From Jackie Chan, Chow Yun-Fat, and Jet Li to the more recent Lee Byung-hun, Rain, and Jay Chow, male stars were guaranteed to do martial arts roles. Female stars, in comparison, were typically cast in three kinds of stereotypical roles: 1) frivolous beauties, 2) degenerate women (such as sluts, prostitutes, and women cast off by villains), and 3) women with ass-kicking abilities.

In the eyes of Americans, Asians all seem alike, and they therefore think that they can just throw in any Asian actor or actress to play a specific Asian nationality. So while Hong Kong superstar Chow Yun-Fat rarely displayed his unnecessary martial arts skills for his role in the movie “Anna and the King”, he did play as the King of Thailand.

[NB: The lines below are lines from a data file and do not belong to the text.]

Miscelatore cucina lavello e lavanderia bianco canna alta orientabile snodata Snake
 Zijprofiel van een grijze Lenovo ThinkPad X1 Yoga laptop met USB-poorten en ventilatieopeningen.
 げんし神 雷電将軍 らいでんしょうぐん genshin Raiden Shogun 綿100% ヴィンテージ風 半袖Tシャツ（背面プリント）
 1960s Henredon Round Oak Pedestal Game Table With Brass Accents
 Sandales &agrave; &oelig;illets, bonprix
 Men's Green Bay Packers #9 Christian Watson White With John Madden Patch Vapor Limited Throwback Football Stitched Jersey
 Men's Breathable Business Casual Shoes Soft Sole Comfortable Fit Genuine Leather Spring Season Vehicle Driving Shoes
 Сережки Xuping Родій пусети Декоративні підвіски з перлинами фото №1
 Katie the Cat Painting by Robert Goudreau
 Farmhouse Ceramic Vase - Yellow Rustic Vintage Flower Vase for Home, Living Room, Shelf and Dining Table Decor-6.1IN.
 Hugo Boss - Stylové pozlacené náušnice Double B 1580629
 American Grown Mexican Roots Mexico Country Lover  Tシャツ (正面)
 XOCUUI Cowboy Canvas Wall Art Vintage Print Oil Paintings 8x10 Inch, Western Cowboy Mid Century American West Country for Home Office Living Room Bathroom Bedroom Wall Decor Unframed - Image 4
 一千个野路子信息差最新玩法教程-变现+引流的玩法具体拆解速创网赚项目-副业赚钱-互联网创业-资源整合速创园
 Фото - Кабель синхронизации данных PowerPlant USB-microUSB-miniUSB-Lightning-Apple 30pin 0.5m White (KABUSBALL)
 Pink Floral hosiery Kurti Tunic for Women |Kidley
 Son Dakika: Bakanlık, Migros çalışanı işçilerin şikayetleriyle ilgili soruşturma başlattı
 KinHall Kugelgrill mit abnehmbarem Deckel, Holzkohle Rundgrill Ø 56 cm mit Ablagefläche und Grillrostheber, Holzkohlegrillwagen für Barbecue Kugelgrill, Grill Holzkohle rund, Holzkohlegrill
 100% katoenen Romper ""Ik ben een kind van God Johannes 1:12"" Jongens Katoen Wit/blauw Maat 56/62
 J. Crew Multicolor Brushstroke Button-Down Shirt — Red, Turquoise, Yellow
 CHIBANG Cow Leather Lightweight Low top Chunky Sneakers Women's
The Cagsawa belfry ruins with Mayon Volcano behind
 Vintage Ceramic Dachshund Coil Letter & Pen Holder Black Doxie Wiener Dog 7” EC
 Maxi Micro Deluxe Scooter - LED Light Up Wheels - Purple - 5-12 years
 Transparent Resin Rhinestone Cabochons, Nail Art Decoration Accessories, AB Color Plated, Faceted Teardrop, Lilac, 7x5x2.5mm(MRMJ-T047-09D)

Even if few appreciated the Asian culture found in films such as “The Last Samurai”, the two Japanese stars from that movie in particular, Ken Watanabe and Hiroyuki Sanada, were hampered by having to brandish blades. Despite their great acting prowess, the two of them were unable to really get their foot permanently in Hollywood. Therefore, as Asian stars continue to come to Hollywood with dreams of striking it rich, in the end, they end up returning back to Asia to go back to their roots and rejecting all that Hollywood had to offer.

Director Ang Lee: Asia’s First Real Success Story

No sooner does one wave of Asian stars fail in their attempts to break into Hollywood, a new wave comes riding in with odds stacked against their favor. Director Ang Lee is an exception to that rule, achieving things that his Asian colleagues were unable to do: 1) In “Crouching Tiger, Hidden Dragon”, he was able to get Americans to watch a film with a rich Chinese flavor without either subtitles or dumbing it down, 2) in “Hulk”, he was able to operate a large movie production that was historically relegated to his Western counterparts, and 3) in “Brokeback Mountain”, he was able to produce a box office hit and capture many awards, all with a minuscule budget.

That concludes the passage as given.